Embedded Software Testing: Practical Continuous Integration with Hardware in the Loop (Part 2)
November 03, 2024
Written by Leonardo Held, Torizon Developer
This is the second installment in the embedded software testing series. This one will be about the architecture of a system to test embedded software. I’ll give you a practical example of a test for an Embedded Device with integration to a CI/CD system. We’ll briefly cover what is usually called a “dual-targeting” approach as well.
Theory
In the previous installment we talked about the different levels of software testing, and the last one was “end-to-end testing”, which is treating the Device Under Test (DUT) like a black box, poking it with a certain stimuli (inputs), seeing how it reacts (output) and comparing with a known expected value.
So essentially we need something to actually do the poking, watch the outputs and compare with the known good values. Practically speaking though, that’s hooking up UARTs, displays and whatever else to an embedded system and writing some software to do that automatically for us.
1+--------------------+ +-----------------------+
2| | | |
3| Testing Software | | Device Under Test |
4| (Controller) | | (DUT) |
5| | | [Black Box] |
6| | poking | |
7| - Sends Inputs | ---------> | - Processes Inputs |
8| via UART, | | |
9| Display, etc. | | |
10| | reacting | |
11| - Receives | <--------- | - Generates Outputs |
12| Outputs | | via UART, etc. |
13| via UART, | | |
14| Other I/O | | |
15+--------------------+ +-----------------------+
Practice
A Simple Testing Architecture
So, as an example let’s assume you need to monitor whether your Linux box boots. The manual steps to achieve this are:
- Reset the board from whatever state it was
- Wait for the bootloader, kernel and userspace to boot
- See the login prompt
Great, now we’ve reduced a requirement (the board must boot) to a set of manual execution steps. But you don’t have just one board, you have around 100 different ones, and every single one of them must be tested every time your Continuous Integration builds a new OS for the board. Thinking about it in terms of automation, we can reduce this to:
- Connect the board’s UART to a “Controller” - simply put, hooking up the board to a computer
- Write some software that parses the logs from the UART
- If it detects our login prompt, consider the boart fully booted
As a practical example, I have a Verdin iMX8MP SoM connected to a Dahlia carrier board.
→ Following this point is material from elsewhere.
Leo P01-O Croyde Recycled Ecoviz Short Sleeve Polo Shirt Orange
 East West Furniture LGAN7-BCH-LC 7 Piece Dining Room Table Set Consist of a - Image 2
Power is connected as is the UART to my Controller, which in this case is my computer.
1+-------------------+ UART Cable +------------------------+
2| | <-------------------------> | |
3| Controller | | Dahlia Carrier Board |
4| (A Computer) | | + Verdin iMX8MP SoM |
5| | | |
6+-------------------+ +------------------------+
7 |
8 |
9 +------------+
10 | Power |
11 | Supply |
12 +------------+
A note on the “Power Supply”: I’ll assume here a Power Supply (PSU or sometimes PDU for “Power Delivery Unit”) will always be connected to the board. In reality, PSUs used for this kind of application generally have built-in or interface with relays to cut or serve power to devices, and specific software running on the controller is used to control how the PSU behaves (for example, boards must be rebooted, or put into recovery mode etc, this can be done from a PSU).
Implementation of a Prompting “Expect” in Python
Then it’s a matter of writing some software that runs in the controller and waits for the login prompt.
You can choose whatever language you feel comfortable with writing tests, but I’d highly suggest looking into either Python, Perl or Tcl. Interpreted, dynamic languages are generally better for these tasks because you want to chug out tests quickly. Also, it makes sense to use a language that is familiar to all in your team.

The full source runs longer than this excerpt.